Ideal binary grating


in order to learn more about Lumerical FDTD, I’ve chosen a very simple example with an analytical solution: a binary square-wave grating.

Theory says that this kind of grating has only odd number transmission orders for normal illumination. So far, I think I have managed to do well and now I can see n=+/-1 orders. Also I have managed to do a surface plot in the way I need it:
image(th,f,Pz) # where th is the angle over the x-axis of the monitor, f is frequency and Pz is the z-component of the Poynting vector.

Now I want to do this same plot for the far-field. I cannot make it 2D, since later I plan to break the symmetry. Can you please tell me which commands I need to obtain a matrix such as Pz for the far-field?

At the end of this post, you can find attached my model along with the script I’m using to plot the results.

Thanks in advance.
graph_PUM.lsf (353 Bytes) square_diffraction_grating_v02.fsp (258.4 KB)

Please help!

As you can see, I’m using the structure of Pz to plot it as a heatmap as a function of angle and frequency. I want to do the same thing, but now for the far-field. Can you please tell me how to do this?

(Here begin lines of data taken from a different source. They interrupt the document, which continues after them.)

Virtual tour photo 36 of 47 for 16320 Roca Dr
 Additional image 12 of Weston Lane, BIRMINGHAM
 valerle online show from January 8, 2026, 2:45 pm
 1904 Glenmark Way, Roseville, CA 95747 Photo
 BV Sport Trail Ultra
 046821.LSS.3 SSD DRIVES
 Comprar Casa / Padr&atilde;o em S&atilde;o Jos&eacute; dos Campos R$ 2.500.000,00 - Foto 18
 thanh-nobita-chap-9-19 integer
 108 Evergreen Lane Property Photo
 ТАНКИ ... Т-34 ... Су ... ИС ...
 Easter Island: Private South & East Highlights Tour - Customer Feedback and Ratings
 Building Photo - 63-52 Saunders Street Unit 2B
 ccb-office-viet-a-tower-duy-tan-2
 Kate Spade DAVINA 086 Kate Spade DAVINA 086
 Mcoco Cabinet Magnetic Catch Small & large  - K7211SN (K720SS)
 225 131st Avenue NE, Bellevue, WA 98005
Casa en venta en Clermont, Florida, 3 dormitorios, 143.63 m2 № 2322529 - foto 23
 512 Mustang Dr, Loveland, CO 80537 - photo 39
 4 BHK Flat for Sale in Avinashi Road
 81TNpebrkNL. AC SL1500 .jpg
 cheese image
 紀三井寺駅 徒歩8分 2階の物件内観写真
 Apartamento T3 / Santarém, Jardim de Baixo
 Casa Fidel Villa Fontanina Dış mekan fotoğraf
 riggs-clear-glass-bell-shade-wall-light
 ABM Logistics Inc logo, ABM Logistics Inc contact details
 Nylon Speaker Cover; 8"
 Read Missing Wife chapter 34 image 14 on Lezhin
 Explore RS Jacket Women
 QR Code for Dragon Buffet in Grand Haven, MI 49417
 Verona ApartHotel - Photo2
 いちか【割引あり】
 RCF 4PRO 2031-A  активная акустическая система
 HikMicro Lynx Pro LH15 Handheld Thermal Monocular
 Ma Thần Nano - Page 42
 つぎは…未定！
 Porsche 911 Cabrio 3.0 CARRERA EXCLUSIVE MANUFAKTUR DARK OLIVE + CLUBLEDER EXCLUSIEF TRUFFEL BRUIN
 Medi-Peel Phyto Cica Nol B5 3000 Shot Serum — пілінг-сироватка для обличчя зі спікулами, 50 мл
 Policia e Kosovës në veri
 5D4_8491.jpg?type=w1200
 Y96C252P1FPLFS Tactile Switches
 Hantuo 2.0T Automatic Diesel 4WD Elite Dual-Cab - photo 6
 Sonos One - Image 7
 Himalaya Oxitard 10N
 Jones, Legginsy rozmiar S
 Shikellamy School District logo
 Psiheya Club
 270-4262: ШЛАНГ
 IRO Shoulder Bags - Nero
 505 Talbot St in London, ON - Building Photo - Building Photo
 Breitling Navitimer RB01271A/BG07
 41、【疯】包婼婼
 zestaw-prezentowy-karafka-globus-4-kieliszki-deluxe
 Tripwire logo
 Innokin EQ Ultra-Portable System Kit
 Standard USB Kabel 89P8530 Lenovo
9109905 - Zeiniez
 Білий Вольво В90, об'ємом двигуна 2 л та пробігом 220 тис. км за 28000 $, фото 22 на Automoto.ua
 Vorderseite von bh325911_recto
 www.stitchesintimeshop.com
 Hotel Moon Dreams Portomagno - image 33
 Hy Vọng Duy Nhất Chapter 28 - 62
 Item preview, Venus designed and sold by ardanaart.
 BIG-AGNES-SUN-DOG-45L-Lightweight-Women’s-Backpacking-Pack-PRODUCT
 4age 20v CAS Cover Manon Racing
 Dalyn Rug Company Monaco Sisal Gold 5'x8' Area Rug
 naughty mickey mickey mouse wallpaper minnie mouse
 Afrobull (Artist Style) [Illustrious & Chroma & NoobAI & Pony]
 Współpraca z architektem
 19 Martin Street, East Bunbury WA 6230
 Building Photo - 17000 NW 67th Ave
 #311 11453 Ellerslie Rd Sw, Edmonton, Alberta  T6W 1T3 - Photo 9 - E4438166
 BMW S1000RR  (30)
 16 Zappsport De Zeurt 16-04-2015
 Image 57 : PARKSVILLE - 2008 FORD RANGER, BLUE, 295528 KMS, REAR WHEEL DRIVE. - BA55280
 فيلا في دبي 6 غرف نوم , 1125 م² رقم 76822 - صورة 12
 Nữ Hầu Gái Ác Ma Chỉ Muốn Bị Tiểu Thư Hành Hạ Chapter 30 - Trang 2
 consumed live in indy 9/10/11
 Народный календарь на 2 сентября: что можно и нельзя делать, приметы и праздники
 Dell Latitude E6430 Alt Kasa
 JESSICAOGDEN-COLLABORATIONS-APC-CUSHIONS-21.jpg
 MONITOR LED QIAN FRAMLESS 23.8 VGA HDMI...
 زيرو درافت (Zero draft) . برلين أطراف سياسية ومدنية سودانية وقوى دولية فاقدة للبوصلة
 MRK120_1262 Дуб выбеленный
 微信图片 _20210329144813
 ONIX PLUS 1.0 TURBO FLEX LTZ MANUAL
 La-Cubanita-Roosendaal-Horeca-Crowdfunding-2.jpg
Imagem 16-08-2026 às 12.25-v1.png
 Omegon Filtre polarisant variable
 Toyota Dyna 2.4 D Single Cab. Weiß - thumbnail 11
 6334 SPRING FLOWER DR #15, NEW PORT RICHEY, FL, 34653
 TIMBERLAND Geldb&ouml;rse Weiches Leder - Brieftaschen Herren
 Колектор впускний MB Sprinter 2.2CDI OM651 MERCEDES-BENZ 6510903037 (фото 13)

Then I suppose there is no solution to my question using Lumerical FDTD.

sorry for the slow reply. it should be relatively straightforward to get the grating orders in the far field. We have some analysis group that should do this for you, see screenshot. We also have some examples that show this capability

square_diffraction_grating_v02.fsp (258.4 KB)

Not sure how much the near field Pz data can tell you accurate information. It is typically recommended to analyse the grating order information in the far field.